03
「……というわけで、今に至る」
『完璧な経過説明並びに心理状況の分析までを、愛をあちこちに散りばめてながらありがとうございます、参謀。だけど、解せないことが一つあります』
まさに招かざる客である俺を、すんなりと部屋へ招き入れた和実。
彼女の部屋に置かれている小さなテーブルに向かい合うようにして、俺は腰を降ろした。
「言ってみなさい」
『態度でかっ!』
いつも穏やかな和実をわざと怒らせるのは、貴重な表情を拝めるからだ。それはもちろん、その表情が魅力的だということを含んでいる。
『私、30分ほど前に蓮二くんにメールしたでしょ?』
「ああ。それについては、きちんと返信をしたはずだが」
『うん、ちゃんと返信はあった。でもそれって、隣の部屋からしれっとメールを返信したってこと?』
「しれっとというよりも、何食わぬ顔で意気揚々と返信をした」
『……』
和実がガッカリしたように肩を落としたその隙に、俺はざっと部屋を見回す。
小物の一つ一つが和実らしい物だなと思い、何かの香水のような甘い香りがするなと思い、そういえば女子の部屋に入ったのは初めてかもしれないなどと、一瞬にして様々なことに思いを巡らせた俺。
『こらこらこら〜!キョロキョロしないの!』
「女子の部屋に入ったのが初めてなのでな、何となく落ち着かないんだ。
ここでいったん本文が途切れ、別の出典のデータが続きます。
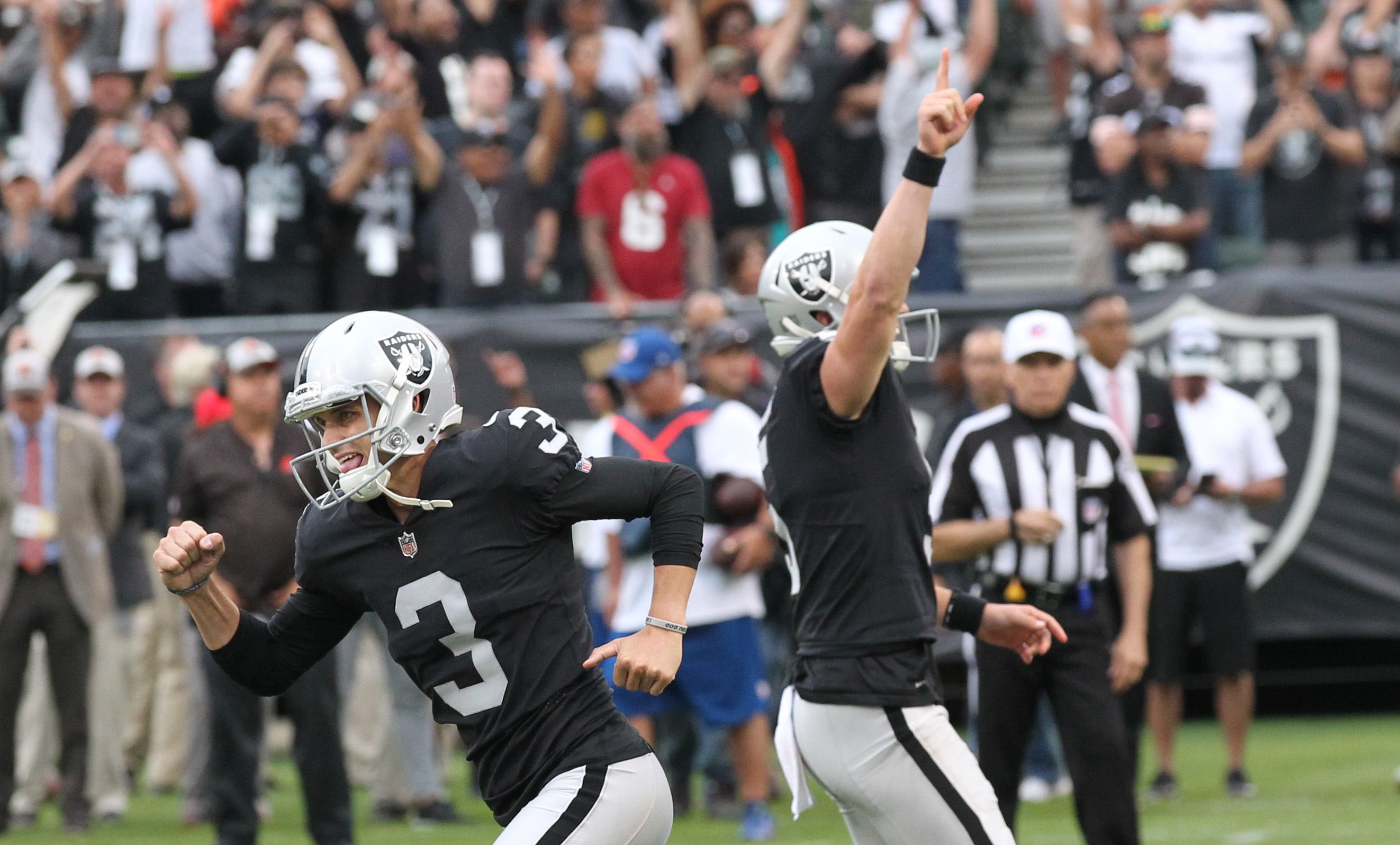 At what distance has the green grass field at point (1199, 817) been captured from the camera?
8.03 meters

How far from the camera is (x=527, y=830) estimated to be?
12.6ft

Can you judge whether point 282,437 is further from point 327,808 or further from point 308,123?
point 308,123

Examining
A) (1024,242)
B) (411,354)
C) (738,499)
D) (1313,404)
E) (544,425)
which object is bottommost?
(738,499)

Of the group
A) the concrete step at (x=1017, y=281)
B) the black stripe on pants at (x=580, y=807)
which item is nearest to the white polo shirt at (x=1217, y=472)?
the concrete step at (x=1017, y=281)

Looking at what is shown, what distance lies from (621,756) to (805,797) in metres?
0.88

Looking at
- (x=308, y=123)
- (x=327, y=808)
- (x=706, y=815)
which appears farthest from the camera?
(x=308, y=123)

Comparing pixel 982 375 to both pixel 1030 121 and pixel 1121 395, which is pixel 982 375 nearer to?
pixel 1121 395

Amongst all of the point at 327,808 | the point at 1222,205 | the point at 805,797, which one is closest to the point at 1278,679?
the point at 1222,205

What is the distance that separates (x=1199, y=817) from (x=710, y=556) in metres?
A: 2.43

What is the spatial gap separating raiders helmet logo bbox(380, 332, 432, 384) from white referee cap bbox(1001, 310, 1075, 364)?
292 cm

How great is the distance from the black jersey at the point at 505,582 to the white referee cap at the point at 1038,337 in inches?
104

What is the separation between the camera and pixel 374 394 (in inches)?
153

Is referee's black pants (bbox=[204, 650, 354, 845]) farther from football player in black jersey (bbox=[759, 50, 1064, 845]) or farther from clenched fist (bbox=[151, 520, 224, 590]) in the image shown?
clenched fist (bbox=[151, 520, 224, 590])

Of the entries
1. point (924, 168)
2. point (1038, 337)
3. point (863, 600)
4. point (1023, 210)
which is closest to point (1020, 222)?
point (1023, 210) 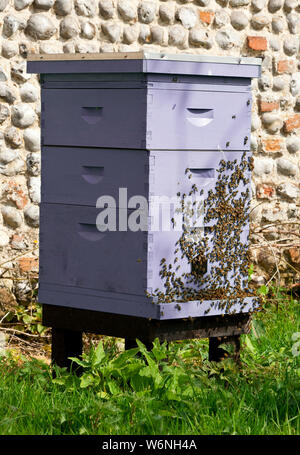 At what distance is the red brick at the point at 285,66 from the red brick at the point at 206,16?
26.0 inches

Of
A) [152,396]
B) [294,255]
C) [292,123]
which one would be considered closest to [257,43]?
[292,123]

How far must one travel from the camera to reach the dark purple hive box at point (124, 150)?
3824 millimetres

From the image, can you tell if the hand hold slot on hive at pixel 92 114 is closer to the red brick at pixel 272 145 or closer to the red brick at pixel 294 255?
the red brick at pixel 272 145

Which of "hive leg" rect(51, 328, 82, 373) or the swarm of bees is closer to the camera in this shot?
the swarm of bees

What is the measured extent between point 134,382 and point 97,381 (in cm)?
16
断っておくが、姉や親戚は除くぞ」
『ふ〜ん。ごめんね、こんな部屋がお初で』
「和実の部屋がいわゆる“女子の部屋”の基準になるわけだから、謝る必要があるとするなら、俺が今後訪れる可能性のある部屋の主に謝るべきだな」
『……どういうこと?』
「きちんと整理されたこの部屋を基準にすると、ハードルが高くならないだろうか」
『散らかっているわけじゃないけど、そんなに綺麗でもないわよ』
「ほう。それは一度、とことん片付けした後の部屋を見てみたいものだ」
『ふふ。妙なことに興味を持つのね、蓮二くん』
「それが俺の性分だからな。お返しに、今度我が家に招待しようか?」
そう言ったのは、もちろん社交辞令ではない。
『え、本当に?』
「ああ。ちなみに、俺の部屋に女子を入れるのは初めてだぞ。あまり面白い部屋ではないだろうが」
『キャ〜〜、それは嬉しいかも!』
「俺の部屋にあるのは本ぐらいだが、読みたい本があれば持って帰っても良い。だが、アルバムなら和実も少しは楽しめるかもしれないな」
『見たい見たい!正真正銘のオカッパ蓮二くんから、最近の麗しいお姿まで舐め回すように見たい!精市くんとかも写っているんでしょ?』
返事の変わりに俺は二度、首を縦に振った。